**Exercise prompt**
Restate the data below word for word. Skip any images it contains.

**Data block**
____________

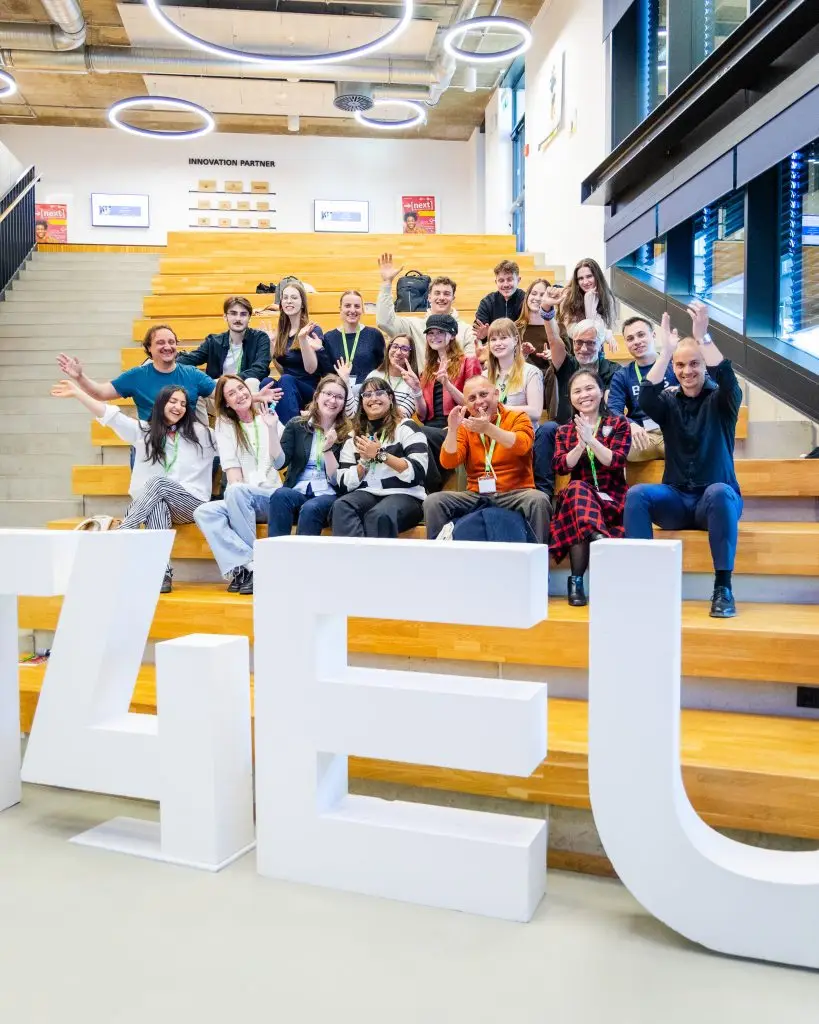 A group of people sit and stand on wooden bleachers, smiling and waving at the camera. Large white letters in the foreground spell “4EU.” Modern lights and a staircase are visible in the background.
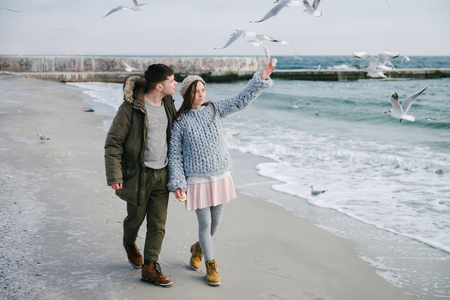 Young couple walking on winter sea shore, girl pointing at seagullsの写真素材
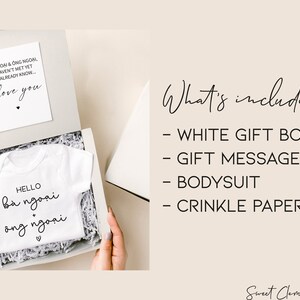 May include: A white gift box containing a white baby bodysuit with Vietnamese text, a card with text, and crinkle paper. The bodysuit says "Hello b&agrave; ngoại + &ocirc;ng ngoại". The card says "I love you".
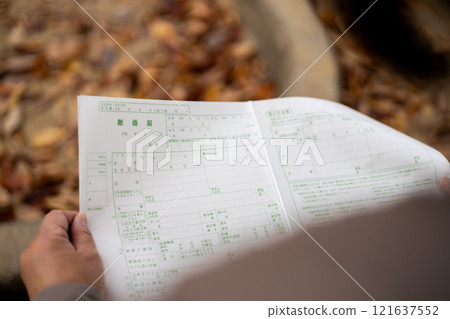 一名中年婦女坐在公園的長椅上,看著離婚文件。 一名中年婦女坐在公園的長椅上,看著離婚文件。 121637552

____________

**Result of the exercise**
 A group of people sit and stand on wooden bleachers, smiling and waving at the camera. Large white letters in the foreground spell “4EU.” Modern lights and a staircase are visible in the background.
 Young couple walking on winter sea shore, girl pointing at seagullsの写真素材
 May include: A white gift box containing a white baby bodysuit with Vietnamese text, a card with text, and crinkle paper. The bodysuit says "Hello b&agrave; ngoại + &ocirc;ng ngoại". The card says "I love you".
 一名中年婦女坐在公園的長椅上,看著離婚文件。 一名中年婦女坐在公園的長椅上,看著離婚文件。 121637552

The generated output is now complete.